(Beginning of The data)

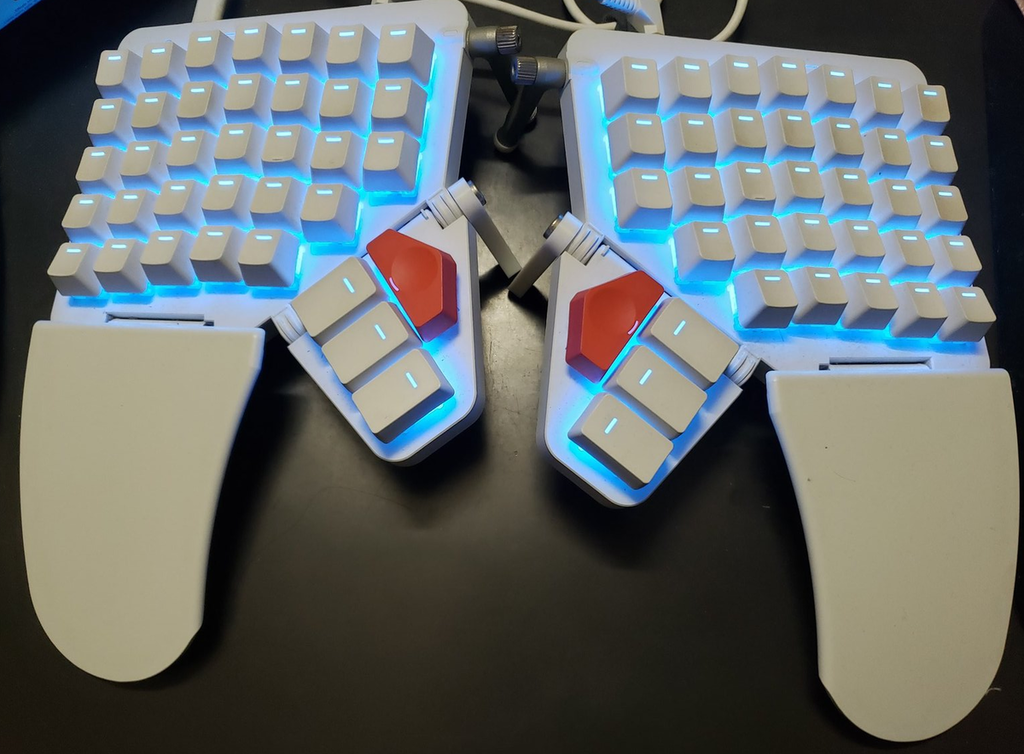 オリジナルのキーボードを3Dプリンタで作った - エムスリーテックブログ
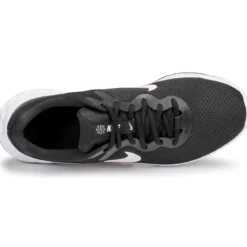 Nike Revolution 6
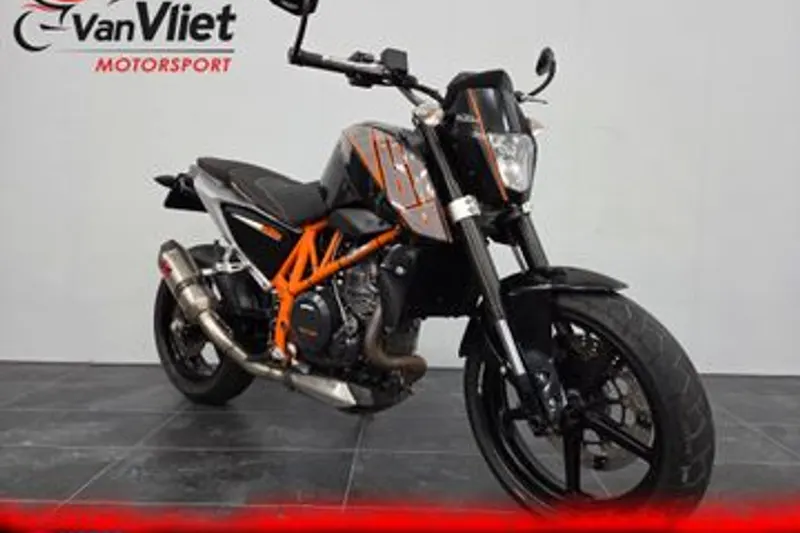 KTM 690 Duke (2012)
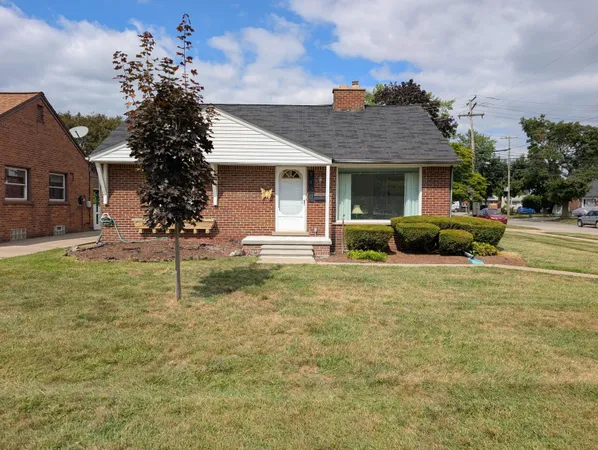 $285,000 | 1400 Sherwood Court, Dearborn, MI 48124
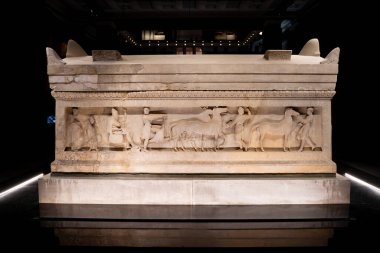 İstanbul Arkeoloji Müzesi 'ndeki Satrap Sarcophagus. İstanbul, Türkiye - 23 Aralık 2023.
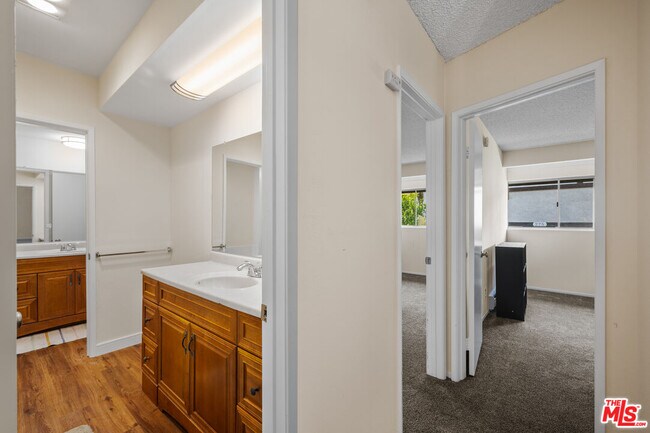 Building Photo - 348 Miraleste Dr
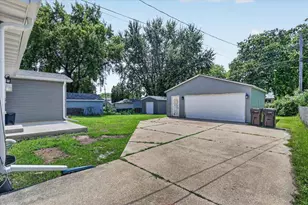 2056 Christilla Dr, Beloit, WI 53511 - Photo 51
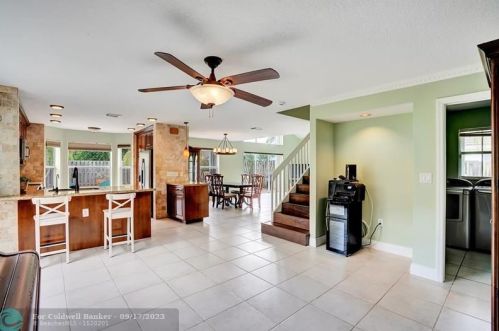 2489 191 Ave, Hollywood FL  33029-4610 exterior
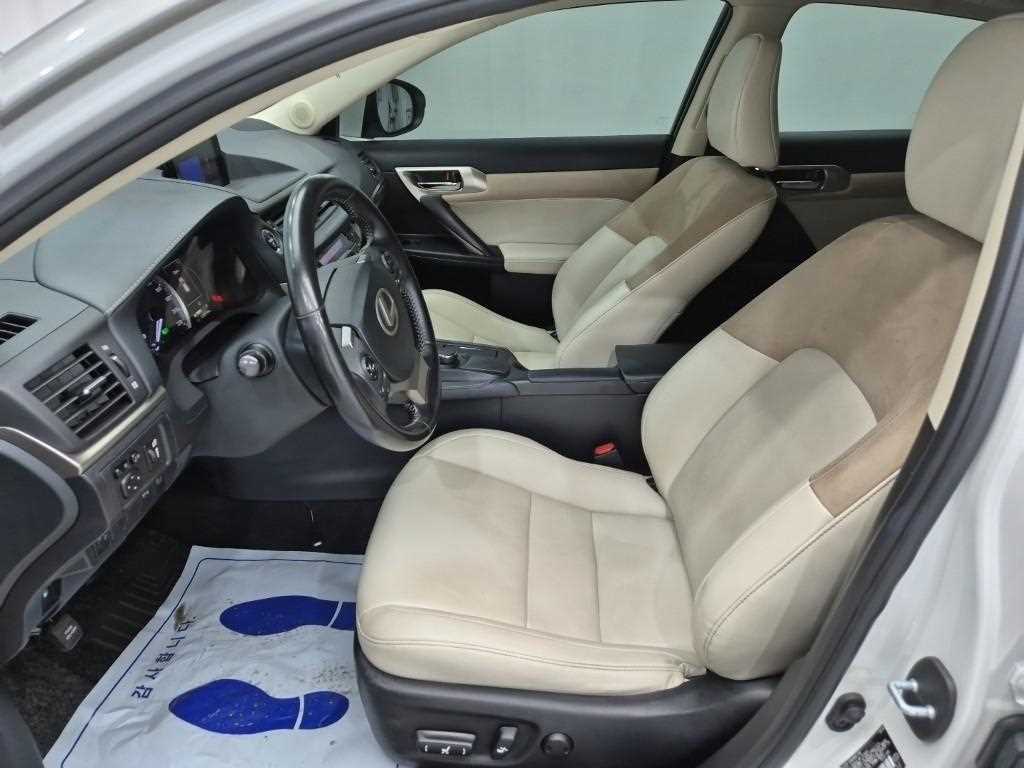 Lexus CT - Vista 11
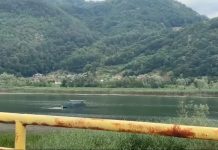 Sramotna provokacija nakon komemoracije u Potočarima Sramotna provokacija nakon komemoracije u Potočarima - featured image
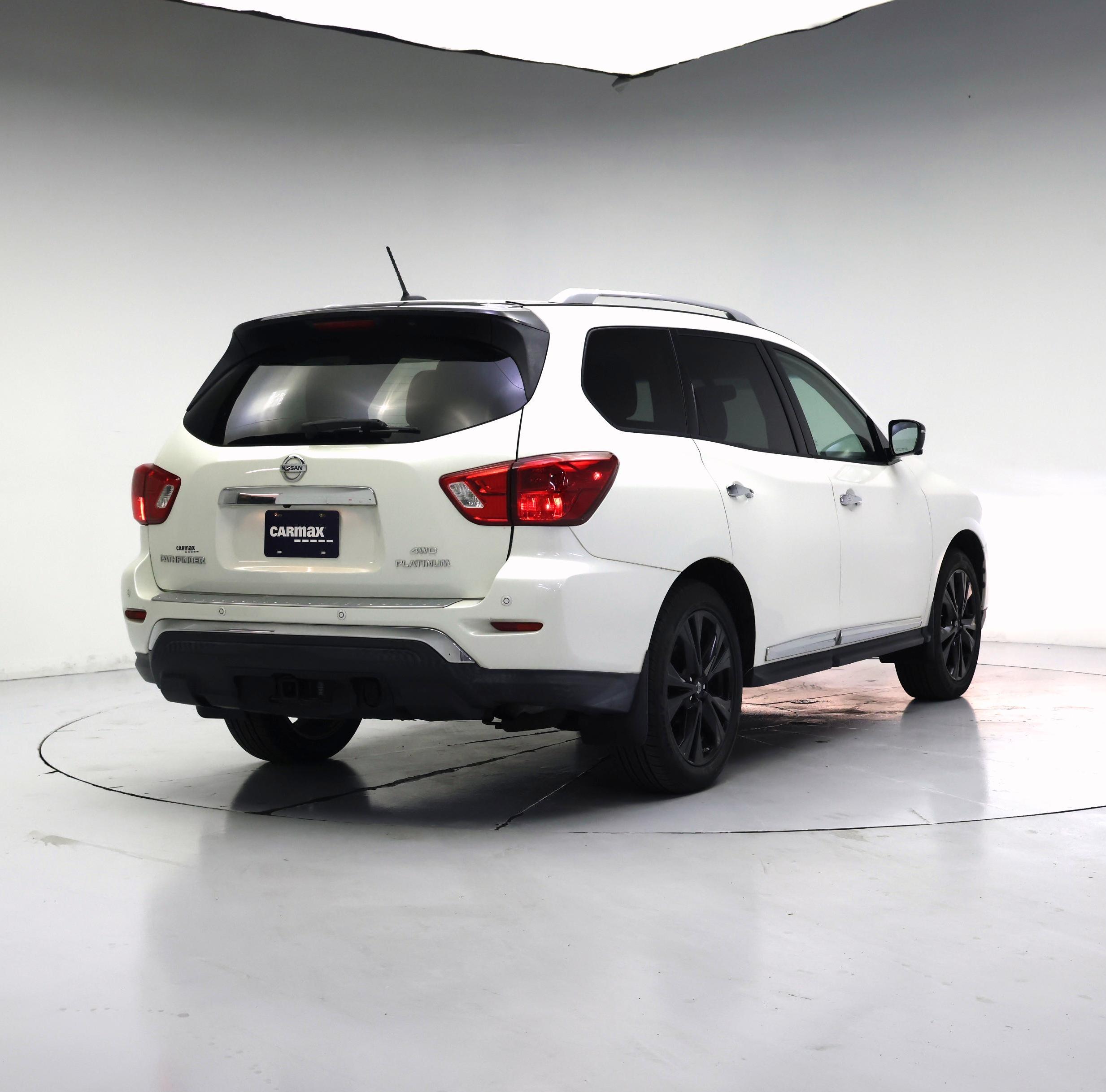 Thumbnail: 2017 Nissan Pathfinder - 8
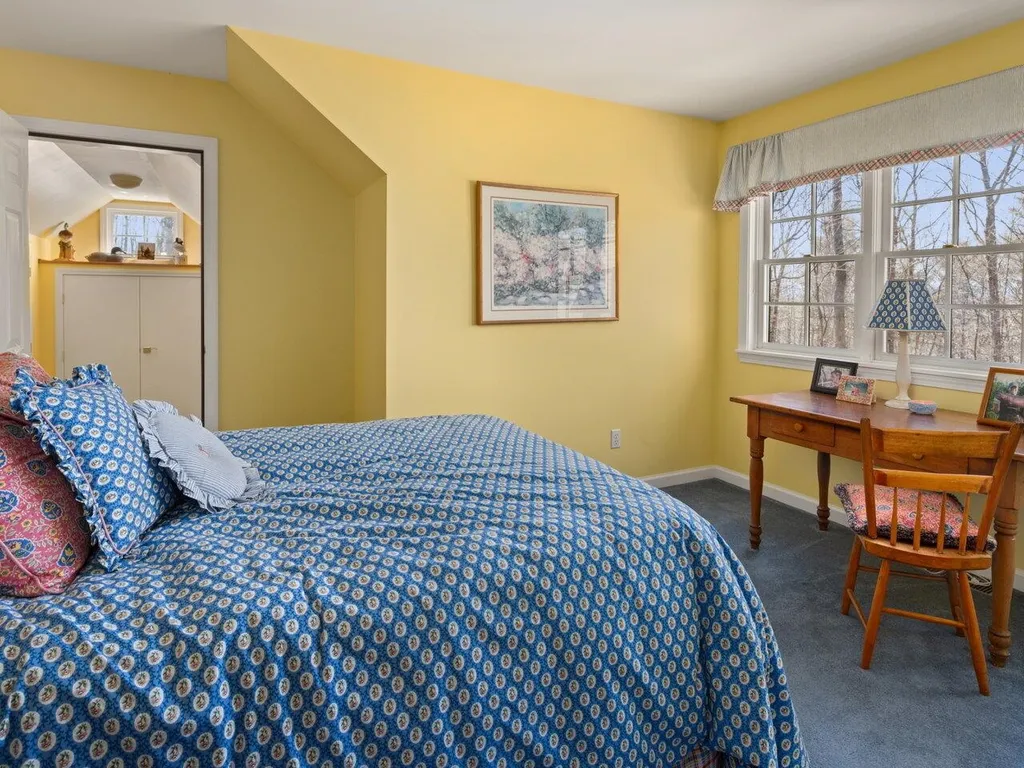 16 Wildwood Court Shelburne VT 05482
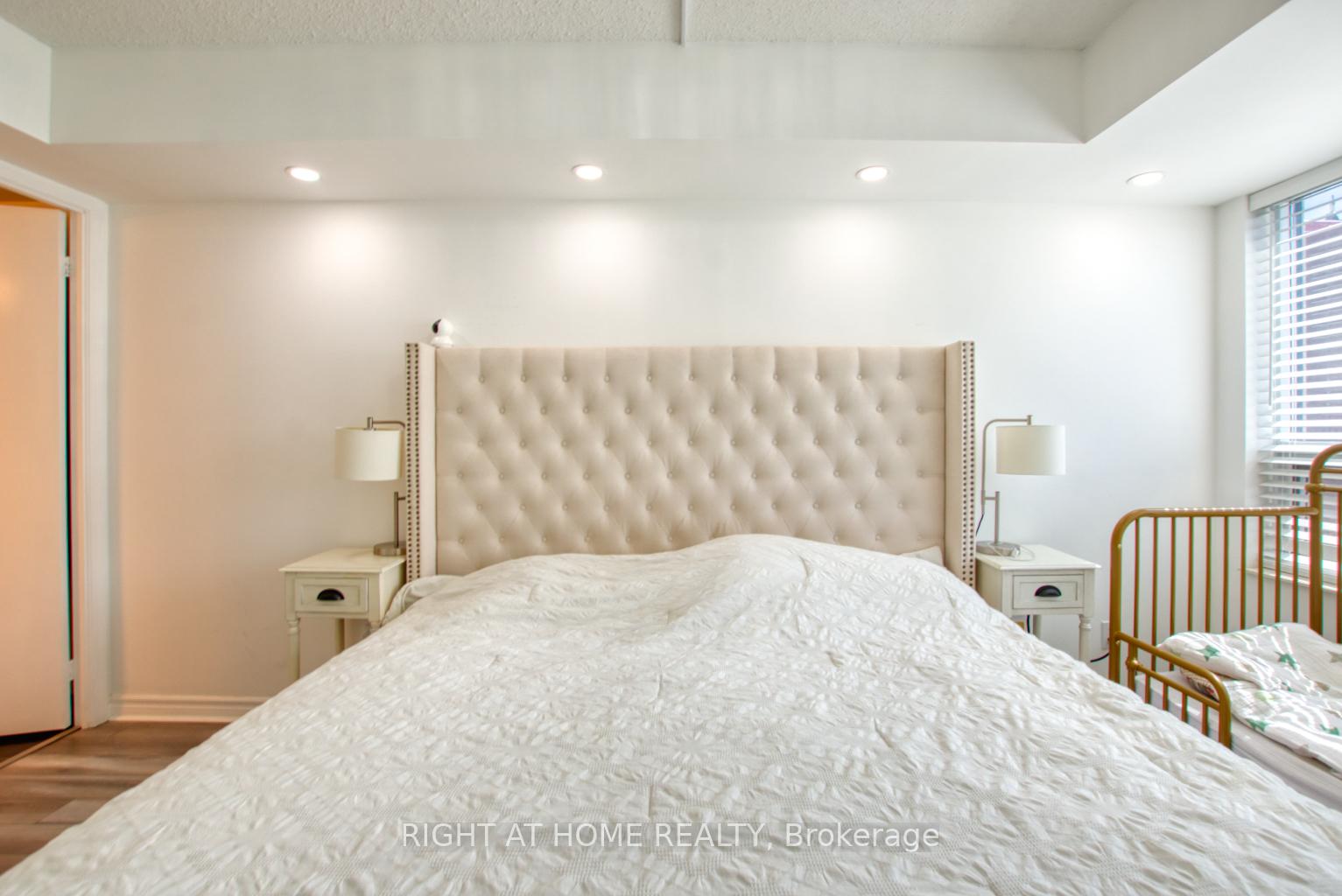 Photo 15 of Unit 827, 35 Saranac Boulevard, Toronto, Englemount-Lawrence — HOMEH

(End of The data)

§ **Aim of the exercise**
Out of the records above, return only the lines from the one with "Nike Revolution 6" through the one with "Lexus CT - Vista 11", exactly, and none of the pictures.

§ **Result for this exercise**
 Nike Revolution 6
 KTM 690 Duke (2012)
 $285,000 | 1400 Sherwood Court, Dearborn, MI 48124
 İstanbul Arkeoloji Müzesi 'ndeki Satrap Sarcophagus. İstanbul, Türkiye - 23 Aralık 2023.
 Building Photo - 348 Miraleste Dr
 2056 Christilla Dr, Beloit, WI 53511 - Photo 51
 2489 191 Ave, Hollywood FL  33029-4610 exterior
 Lexus CT - Vista 11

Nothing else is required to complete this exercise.